(Entries taken from a collection)

-=-=-

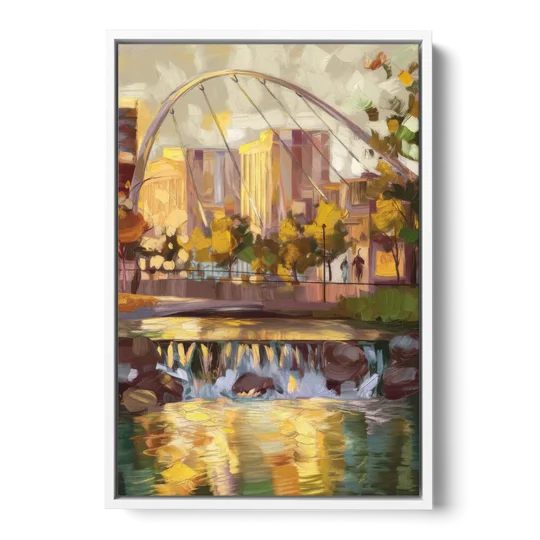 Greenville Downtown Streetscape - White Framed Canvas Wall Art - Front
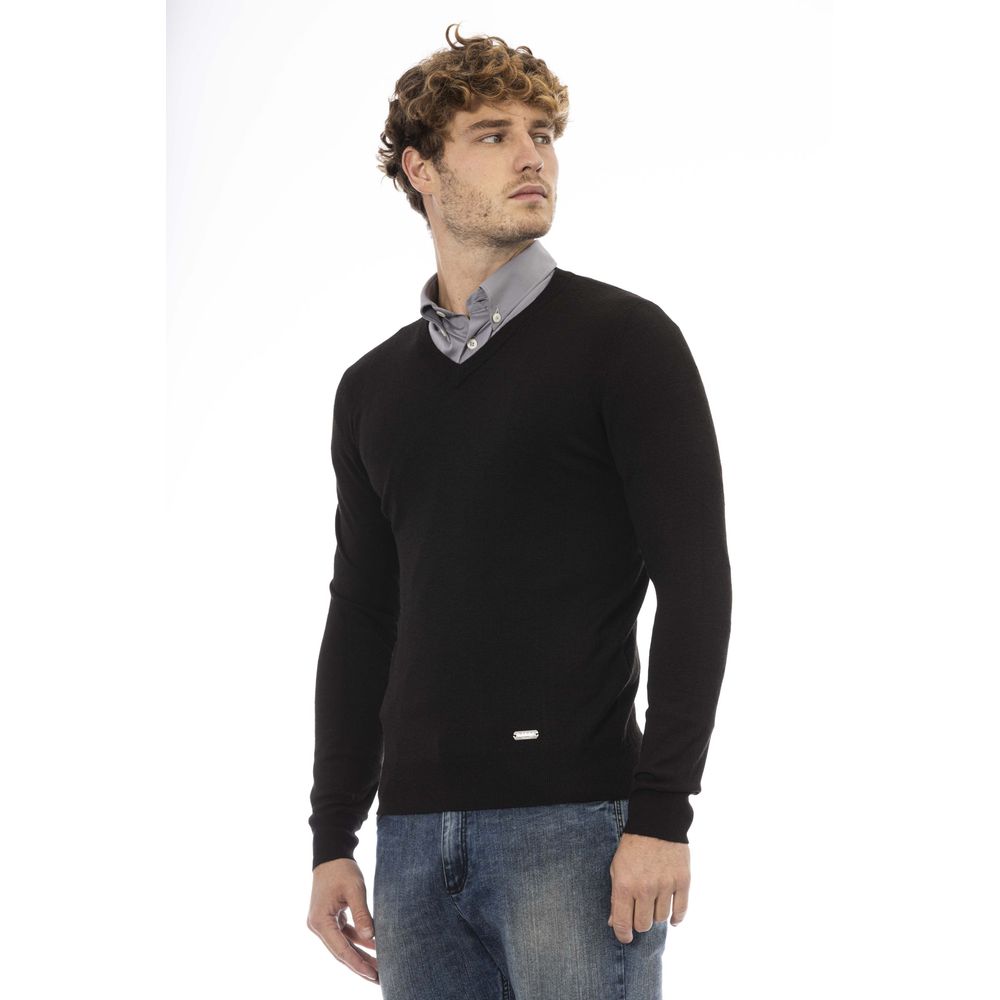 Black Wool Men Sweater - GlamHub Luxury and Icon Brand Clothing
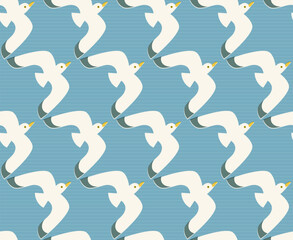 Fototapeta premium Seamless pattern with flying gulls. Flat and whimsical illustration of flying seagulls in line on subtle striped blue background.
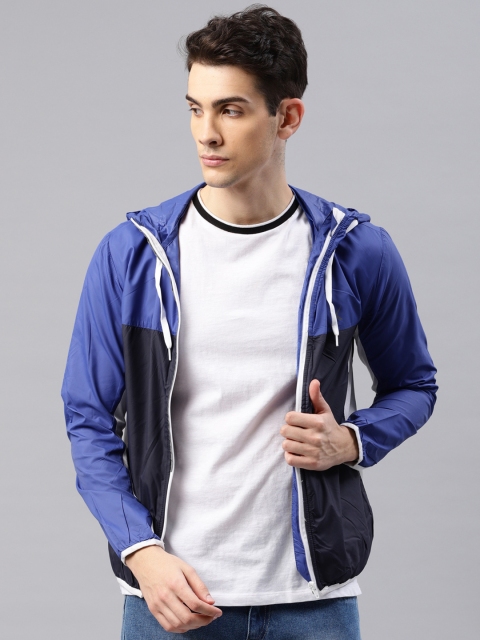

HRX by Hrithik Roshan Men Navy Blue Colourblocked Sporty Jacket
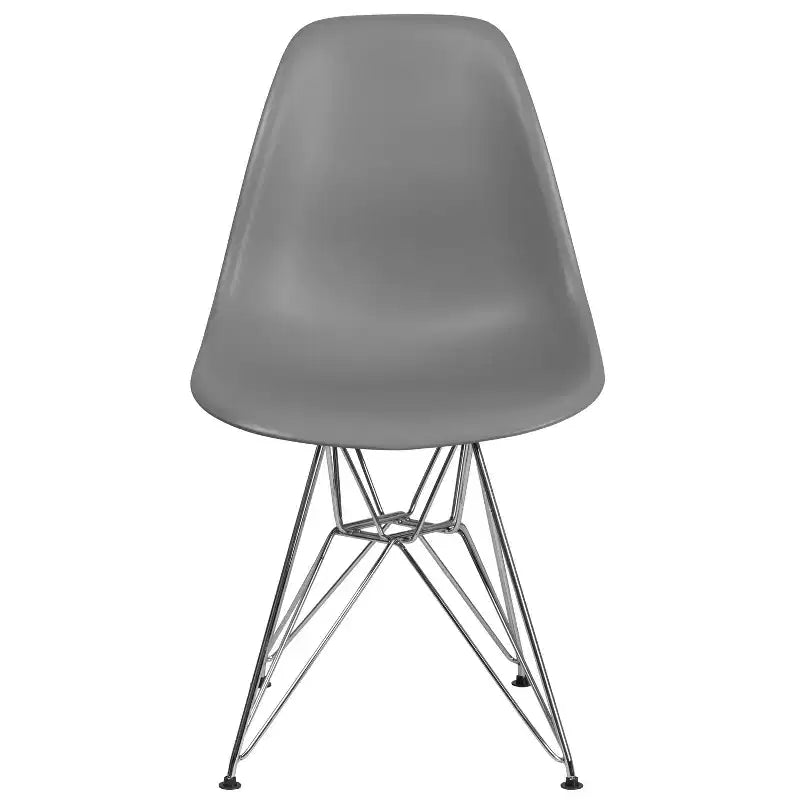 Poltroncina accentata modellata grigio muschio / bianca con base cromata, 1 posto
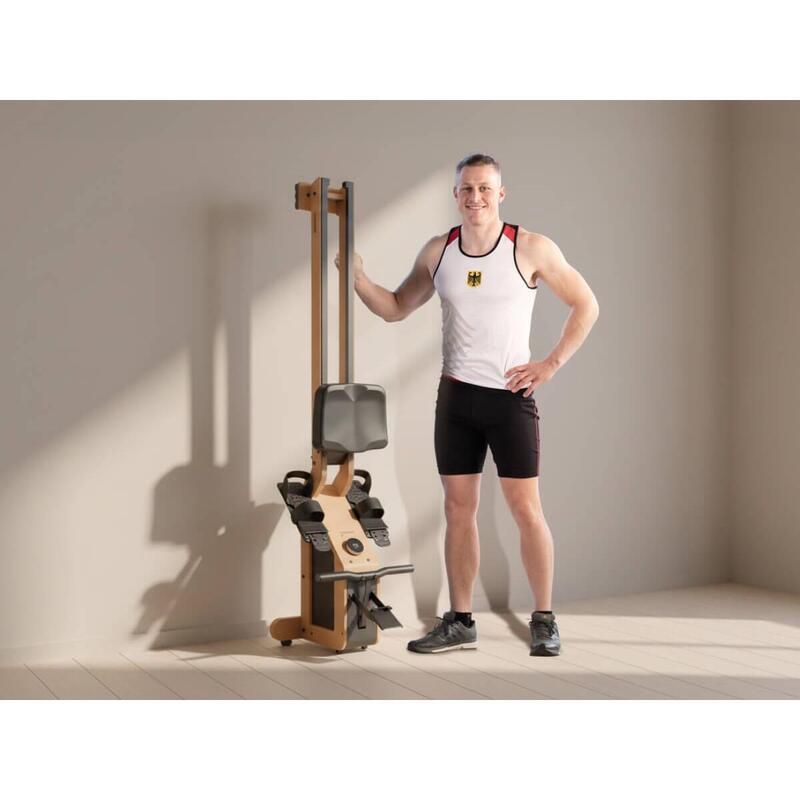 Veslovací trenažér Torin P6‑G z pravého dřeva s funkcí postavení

-=-=-

Exact copy, no pictures: please print every record above as written.

 Greenville Downtown Streetscape - White Framed Canvas Wall Art - Front
 Black Wool Men Sweater - GlamHub Luxury and Icon Brand Clothing
 Fototapeta premium Seamless pattern with flying gulls. Flat and whimsical illustration of flying seagulls in line on subtle striped blue background.

HRX by Hrithik Roshan Men Navy Blue Colourblocked Sporty Jacket
 Poltroncina accentata modellata grigio muschio / bianca con base cromata, 1 posto
 Veslovací trenažér Torin P6‑G z pravého dřeva s funkcí postavení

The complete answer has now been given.